Disclaimer - Random, incoherent thoughts.. scribbled down.. might not make any sense. or they might. u never know. :-) 

 So, I saw something very closely that I was most scared of - Death. And it happened right in front of my eyes. I saw my Naani's heartbeats going down steadily and doctors doing the CPR to somehow resurrect them.. sadly, all in vain..it was a painful moment. for the entire family.
I know it is insensitive to write about such personal incidents, and I am not going to write about it. But I mentioned it since such incidents always make you introspective.
And It did make me question a few things.. 

I had planned my itinerary to every minutest detail, made very strong hopes about new developments.. and practically it all went down for a toss. everything nose-dived. But then, it all happened so fast that it is just now that I could sink it all in..
Anyways!

There is this incident that I still remember from my flight back to Calgary.. I mean I was tired and sad to be leaving with all plans and hopes going haywire.. and then I meet this chap from Calgary.. Edward.. 
This chap had been to India for Skiing in Gulmarg.. and quite to my embarrassment, he was assuring me of safety in that area. Pity! So, there was this Canadian fella 55 yrs old and I was like this chap traveled all the way to India to ski for a couple of weeks and then going back. Isnt that exactly what I want when I am 55? To travel to another country and be fit enough to ski!!

The person on the other side is this Indian chap-Debasish, overly sentimental, who somehow made his way from Calcutta to Canada to be a Cook in some small Restraunt in Edmonton.. listening to "O Sathi re" in full volume on his cell-fone.. and arguing with the air-hostesses for an extra glass of Vodka.. I was quite frankly- and more so since coming from Delhi- was more interesting in talking with this chap from Gulmarg.. 

and then Debasish brings out a small note from his 2 daughters.. about how they miss their father..the personal incidents.. (and that letter was one of the most beautiful things I read ever)
and that letter made me change sides.

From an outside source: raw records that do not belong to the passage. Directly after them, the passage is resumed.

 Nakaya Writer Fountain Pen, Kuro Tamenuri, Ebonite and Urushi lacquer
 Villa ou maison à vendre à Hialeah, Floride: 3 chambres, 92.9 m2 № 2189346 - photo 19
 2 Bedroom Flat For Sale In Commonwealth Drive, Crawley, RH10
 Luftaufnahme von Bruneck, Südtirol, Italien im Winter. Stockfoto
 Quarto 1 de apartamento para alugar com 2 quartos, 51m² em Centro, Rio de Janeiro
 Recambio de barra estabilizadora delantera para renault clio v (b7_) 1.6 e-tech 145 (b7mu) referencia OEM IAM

I chose Deb.. and then he talks about how he misses his family.. and so on.. (U know the typical Indian senti talk! :) )  
(Oh well that chap from Canada did argue a bit about how can one love the same person for more than 10-15 yrs. and I am not stereotyping here or making it up but then, he saw that letter and gave up his arguments.. )

and I thought to myself again, "isn't this what I want to be when I am 55!"  To have a wife who wont eat properly until she knows I reached safely.. Children who hide letters in my wallet and then tell me about it when I am just about to board the flight!! 

and well. to add a little more sugar to this overly-sweet. hyper-romantic post, let me end this with something my Canadian colleague's 7 yr old son told her and she posted it on FB -
"Happiness is not something fun that you do, or places you go... it's an inside feeling."